Osons-nous encore parler de Dieu? Sans doute a-t-on trop utilisé ce mot qui, dans toutes les religions, désigne "l’au-delà de tout", ce qu’il n’y a pas moyen de traduire en concepts. Il a hélas servi à expliquer ce que la science ne parvenait pas encore à comprendre ou à justifier le pouvoir et ses exactions. Aujourd’hui, on craint de le prononcer. Face au mystère, cependant, face à l’inépuisable, s’il est dangereux de trop parler, il est trop facile de se taire.
L’originalité de la foi chrétienne, à la suite de Jésus, est d’en parler en termes paternels. L’Islam met en avant l’absolu de Dieu, toujours mystérieux et au-delà de nos prises. Les religions orientales nous offrent une divinité sans visage ou plutôt aux multiples visages. Le langage courant nous parle d’une énergie anonyme. Le christianisme nous invite d’abord à une relation. Le fond de l’être est paternel. Le mot "Père" qu’employait Jésus ne nous offre pas une définition, mais nous invite à entrer en relation avec lui, à oser lui adresser notre prière, à vivre dans la confiance et, dès lors, à avoir un rapport fraternel avec notre prochain.

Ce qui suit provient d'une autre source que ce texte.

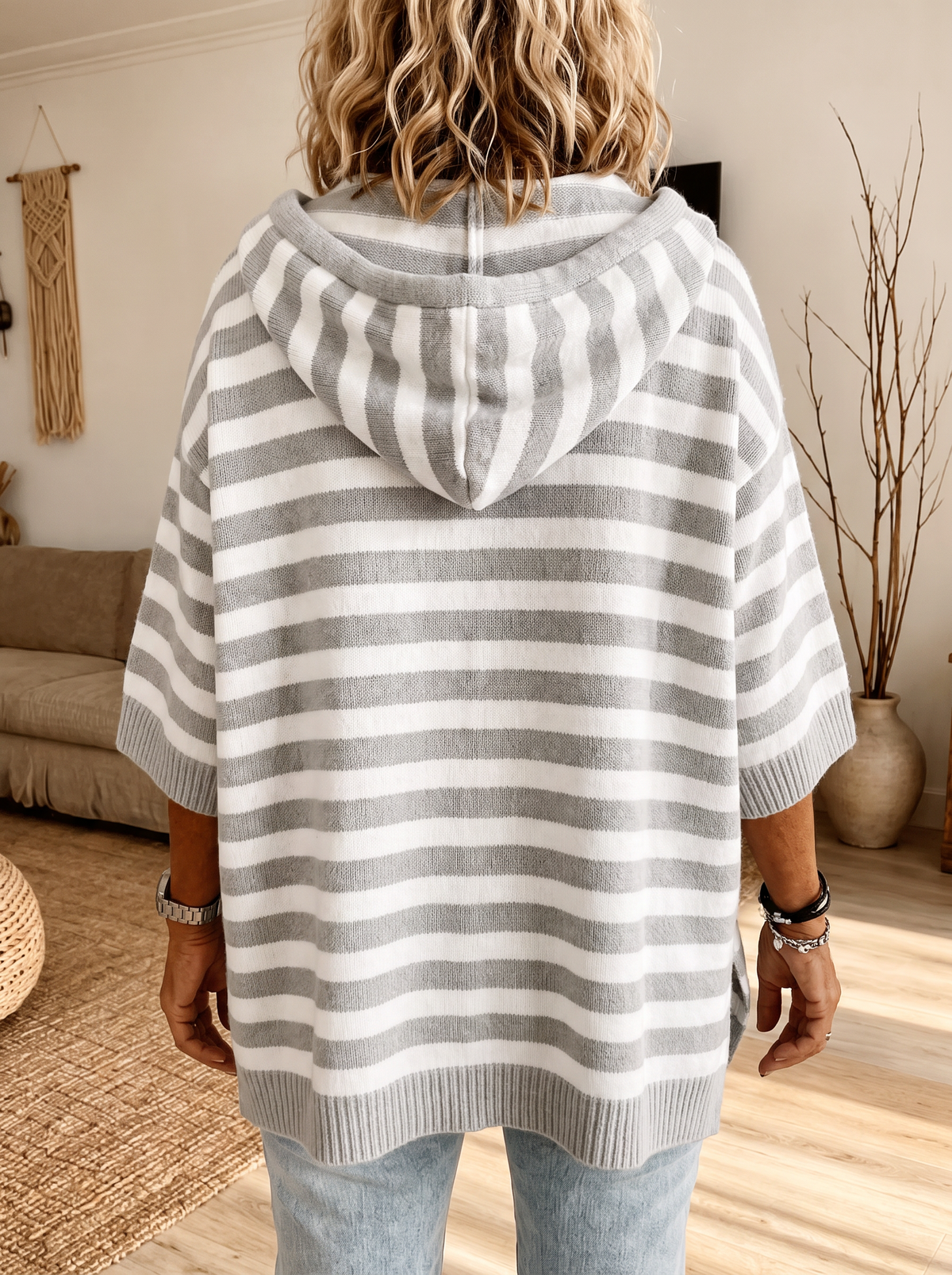 Celine | Gestreifter Poncho-Pullover in Grau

Avant de nous faire un discours sur Dieu, en effet, Jésus vit en relation avec lui. En cela consiste la révélation évangélique: un homme de notre race a vécu un lien unique et intime avec ce Dieu que personne n’a jamais vu. Au baptême, il a fait l’expérience de sa proximité forte et, dans le même mouvement, il s’est ouvert à sa passion amoureuse pour les hommes. Il est parti leur révéler le cœur paternel de ce Dieu qu’il appelle "Abba", mot qui traduit, avec les accents d’une douce tendresse, la confiance du petit enfant envers son papa. Chacun, en s’associant à lui, pourra s’entendre dire: "Tu es mon Fils bien-aimé." Jésus, en nous apprenant la prière du Notre Père, nous introduit dans sa relation avec le Père. Il nous partage cet Esprit qui nous permet d’entretenir avec Dieu cette relation filiale (Ga 4, 6).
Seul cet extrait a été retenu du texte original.